DESCRIPTION OF THE TASK |
In the entries below, find the line with "acercamiento de elementos" and the line with "Nosy Boraha Villa". Repeat exactly everything between them, those two lines included, but not the pictures.

DATA FOR THIS EXERCISE |

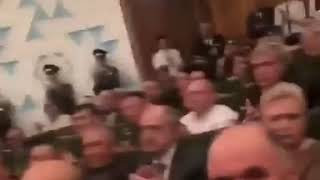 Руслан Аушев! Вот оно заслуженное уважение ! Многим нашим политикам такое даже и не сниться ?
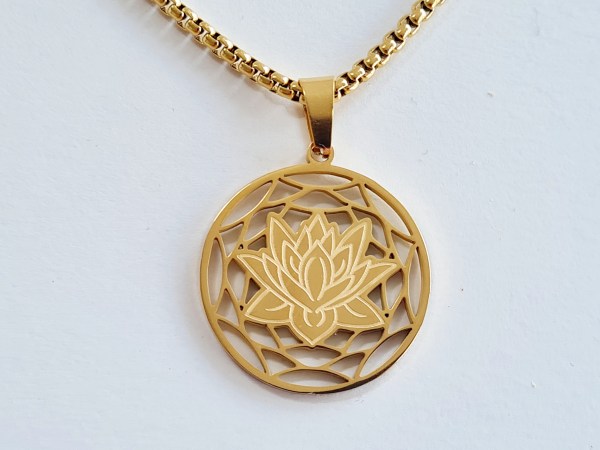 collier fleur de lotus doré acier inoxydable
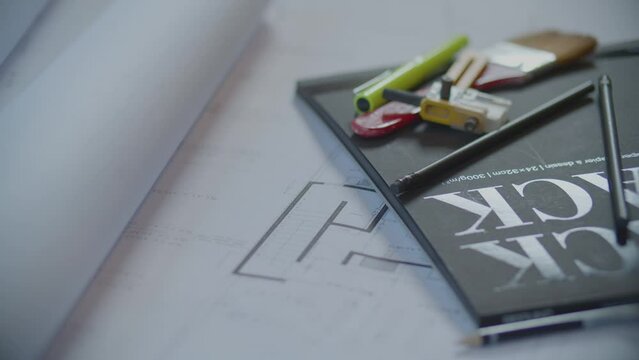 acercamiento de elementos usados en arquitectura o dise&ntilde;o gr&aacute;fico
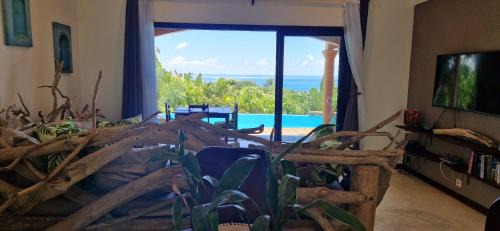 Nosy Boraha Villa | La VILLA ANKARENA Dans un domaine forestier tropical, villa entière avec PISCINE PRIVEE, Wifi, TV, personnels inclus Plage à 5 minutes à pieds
...
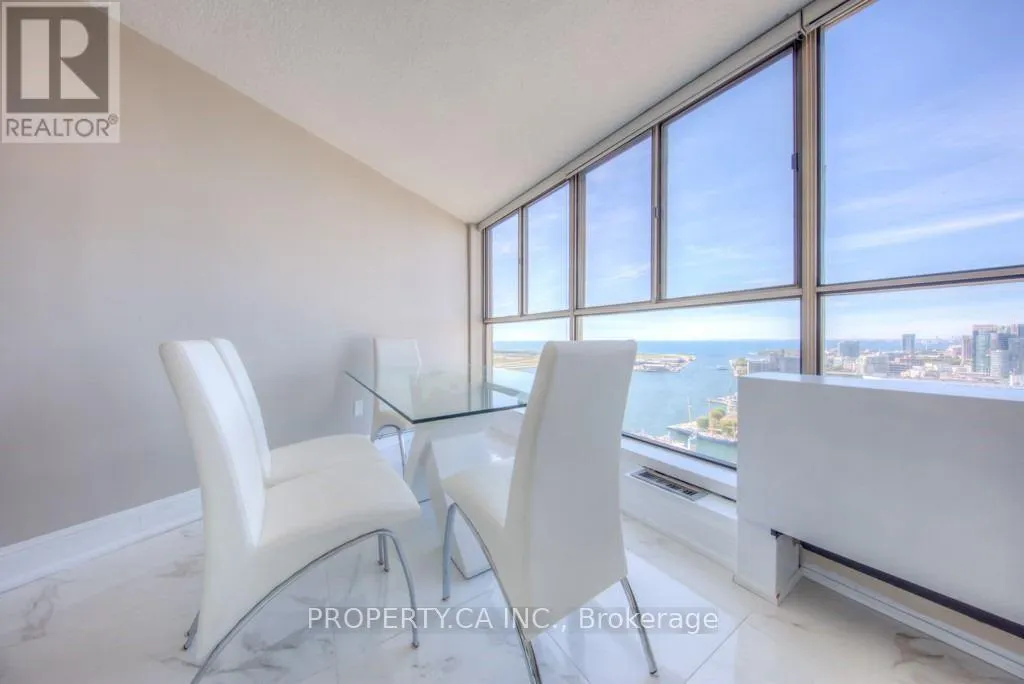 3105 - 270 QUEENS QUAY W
* * *
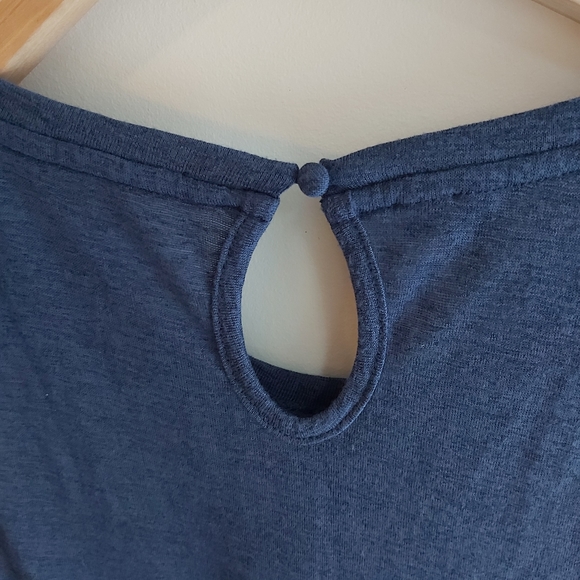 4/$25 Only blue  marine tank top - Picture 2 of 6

ANSWER TO THIS PROBLEM |
 acercamiento de elementos usados en arquitectura o dise&ntilde;o gr&aacute;fico
 Nosy Boraha Villa | La VILLA ANKARENA Dans un domaine forestier tropical, villa entière avec PISCINE PRIVEE, Wifi, TV, personnels inclus Plage à 5 minutes à pieds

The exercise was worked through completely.